720p HD video has a screen resolution of 1280 x 720, whereas 1080p has a resolution of 1920×1080. This means that 1080p has 2.25x as many pixels as 720p, so it requires 2.25 times the processing speed.
The main reason that 720p simplifies a design compared to 1080p is that there are microcontrollers available that can handle 720p video at up to 30 frames per second.
For example, the STM32F4 series of microcontrollers supports a camera interface up to 54 MB/second. That’s fast enough for a 720p camera, but not 1080p.
In order to incorporate 1080p video you will need to use either a fast microprocessor, or a specialized video processor chip.
If you’re on the fence about using 720p or 1080p, then definitely start with 720p since it’s going to simplify things. You can always come out later with a second version that offers 1080p, if your marketing evidence shows it to be a desired function.
These companies may offer support forums where their application engineers answer your questions. Or they may provide support contact information.
Their products are also carried by various distributors so you can easily get samples and order small quantities.

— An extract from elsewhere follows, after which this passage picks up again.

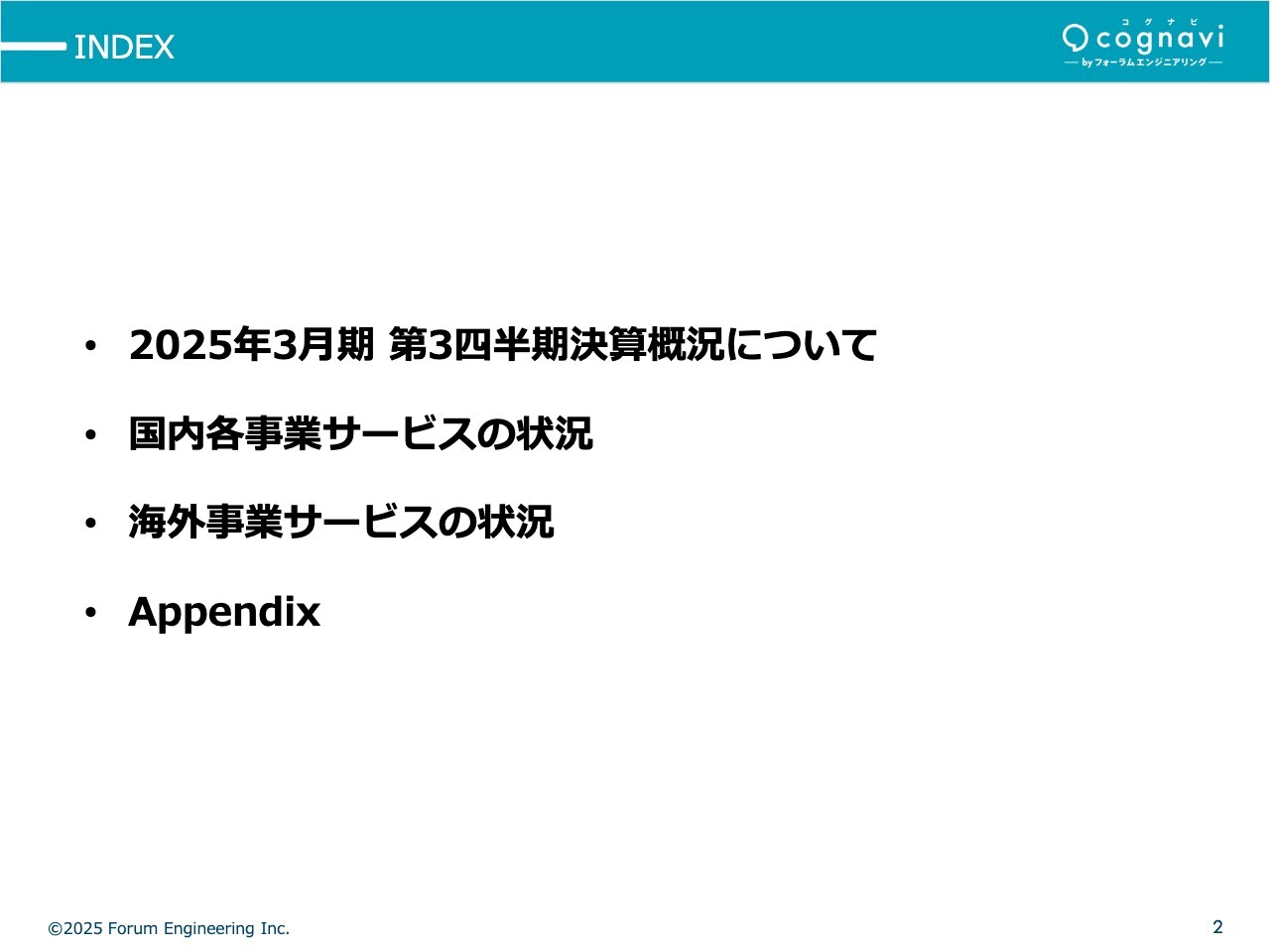 フォーラムエンジニアリング、売上高、各利益ともに前年比2桁増と好調　人材派遣事業の稼働者数増加と単価上昇が奏効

They also openly share all of the technical details for their products. For example, you can easily download component datasheets, and many times even access reference schematics and PCB layouts.
Unfortunately, not all electronic component manufacturers are so friendly with small businesses.
Qualcomm, for instance, is one of the most well-known, worst companies for startups to try to work with. You can pretty much count on getting zero support from them.
They likely won’t even allow you to view their datasheets. Everything is proprietary. To get any information, they’re going to want a sales forecast from you, and lots of other information that you likely won’t have easily on hand.
Without proving to them you are worth their effort and time, you likely won’t even be able to get samples.
Avoid these types of companies like the plague. You need to stick with companies that are more open with all their solutions, and that offer meaningful technical support.
Developing a hardware product is extremely challenging. To have a chance at success you need to spend considerable energy simplifying your product definition as much as possible.
In this article I’ve shared with you ten product simplifications that can profoundly reduce the complexity, time, and cost to develop your new electronic product.